In case inside the /admin/reassign_partitions_queue,  there are topic/partitions which exist in /admin/reassign_partitions (pending reassignments),  the conflict resolution for those duplicate  topic/partitions is to first  cancel / rollback the pending reassignments of those topic/partitions in /admin/reassign_partitions,  then submit new reassignments from /admin/reassign_partitions_queue to /admin/reassign_partitions.   This approach will be simpler than the algorithm proposed by Tom Bentley previously to infer the final replicas assignments for those duplicate  topic/partitions.   After the topic/partition is put in /admin/reassign_partitions ControllerContext.partitionBeingReassigned to trigger the reassignment,    the topic/partition will be removed from /admin/reassign_partitions_queue,  and when /admin/reassign_partitions_queue is empty,  the znode will be deleted. 

Instead a protocol similar to that used for config changes will be used. To start a reassignment (of a single partition, or a collection of partitions) a persistent sequenced znode will be created in /admin/reassignment_requests. The controller will be informed of this new request via a ZooKeeper watch. It will initiate the reassignment, create a znode /admin/reassignments/$topic/$partition and then delete the /admin/reassignment_requests/request_NNNN znode.

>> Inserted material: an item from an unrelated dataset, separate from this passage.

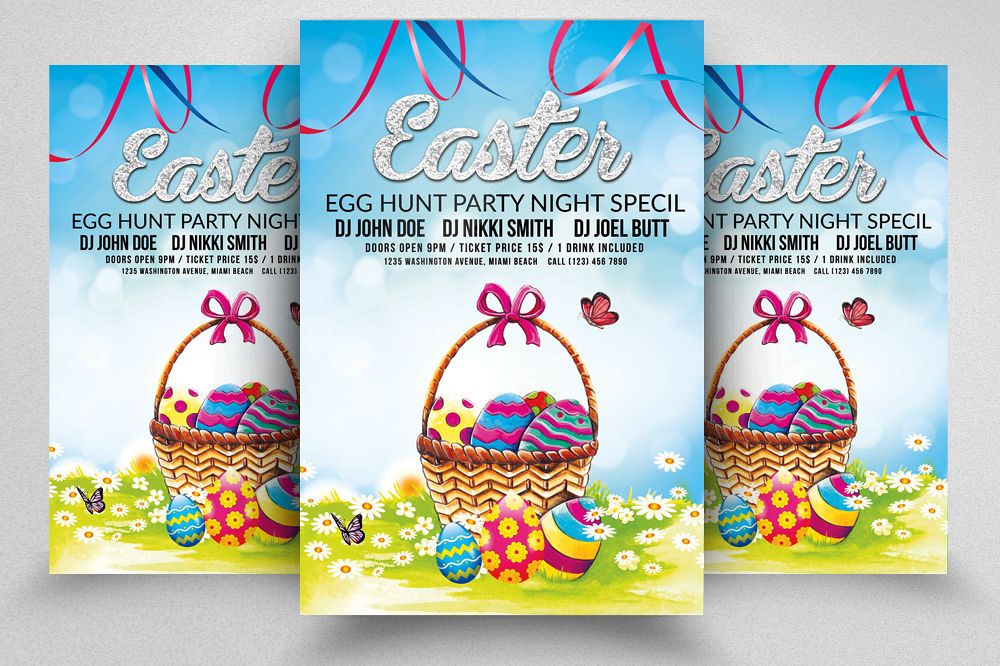 Easter Egg Psd Flyer Print Template example image 1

A client can subsequently create more requests involving the same partitions (by creating a /admin/reassignment_requests/request_MMMM znode), and the controller would re-initiate reassignment as the assignment changes. This means it is possible to "cancel" the reassignment of a single partition by changing the reassignment to the old assigned replicas. Note, however, that the controller itself doesn't remember the old assigned replicas – it is up to the client to record the old state prior to starting a reassignment if that client needs to support cancellation.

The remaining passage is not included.